Marking another win for prosecution, two of R. Kelly’s alleged victims will remain anonymous to the singer until his trial. According to The Chicago Tribune, US District Judge Ann M. Donnelly declined the singer’s request to identify the accusers, currently listed as Jane Doe #2 and Jane Doe #3 in court documents, in New York City on Wednesday (Jan. 29).

Prosecutors previously argued that the alleged victims’ identities should remain anonymous, claiming that Kelly has showed a “consistent pattern” of intimidating witnesses and obstructing his Brooklyn case, including using a prison staff member’s phone to make an unrecorded phone call.

“Simply put, the defendant’s past behavior reveals that if given the opportunity to influence a potential witness, the defendant will take it, and his incarceration may not be enough to prevent such conduct,” prosecutors wrote.

“The defendant has, at his disposal, individuals willing to assist him in bypassing the traditional methods used to monitor the defendant’s communications,” they continued. “The defendant’s attempt to paint himself as being completely isolated from the outside world … is simply not credible.”

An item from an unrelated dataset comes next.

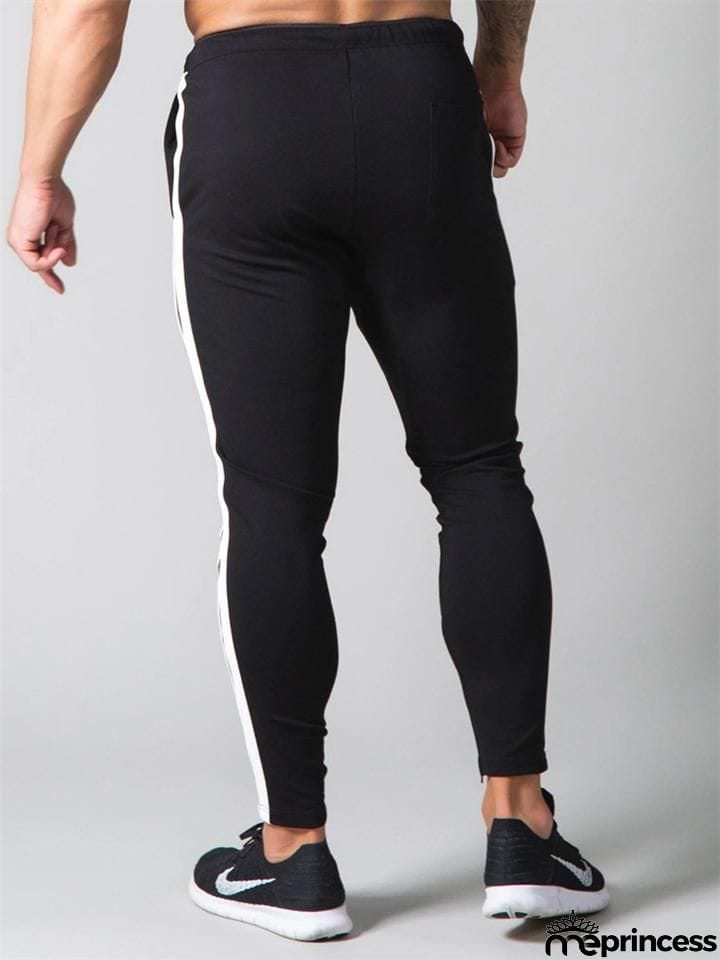 Mens Gym Breahthable Patchwork Running Zipper Pants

Prosecutors also cited an intimidating letter that Kelly allegedly send to accuser Heather Williams, who sued Kelly for giving her herpes in 2017.

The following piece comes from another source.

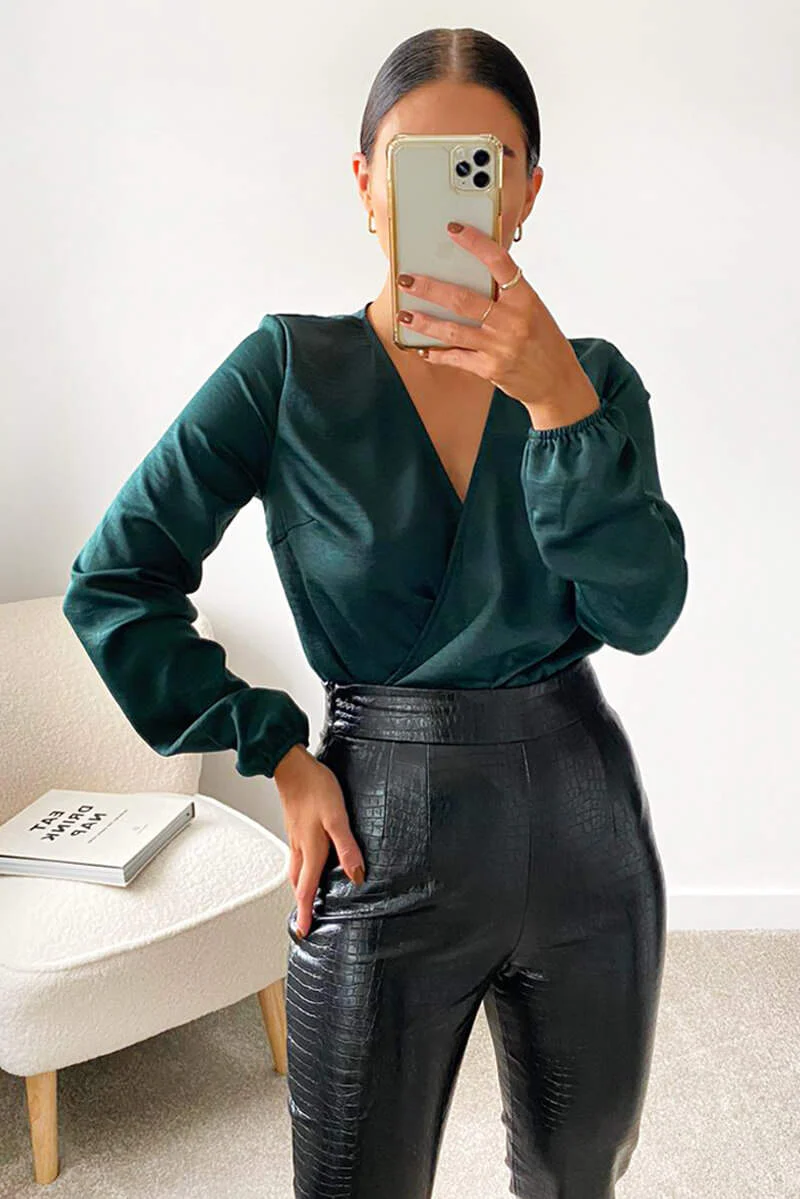 Green Wrap Over Bodysuit - Swimclubus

The letter instructed Williams to “cease her participation and association with the organizers of this negative campaign” if she “really cares about her own reputation.” It also warned that “counteractions are in the developmental stages and due to be released soon.”

In his Brooklyn case, Kelly faces racketeering and sexual misconduct charges. He is accused of having a sexual relationship with Jane Doe #2 while she was 16 years old. Jane Doe #3 claims the singer once locked her in a room for multiple days, drugged her and sexually assaulted her while she as unconscious.

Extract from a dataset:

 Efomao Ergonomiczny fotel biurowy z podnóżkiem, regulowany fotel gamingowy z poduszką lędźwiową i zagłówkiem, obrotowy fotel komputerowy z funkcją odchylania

Kelly’s attorney Steven Greenberg argued that the accusers’ anonymity would interfere with his defense.

“It is impossible to interview witnesses, to search for records or to do anything without this information,” Greenberg perviously said, according to The Source. “I don’t know how we’re supposed to put together a defense without the specifics of who these people are.”

However, siding with prosecution, Judge Donnelly said that judges “routinely” deny requests for victims’ identities in racketeering cases, like Kelly’s. Along with his ongoing Brooklyn case, Kelly has open criminal cases in both Chicago and Minneapolis.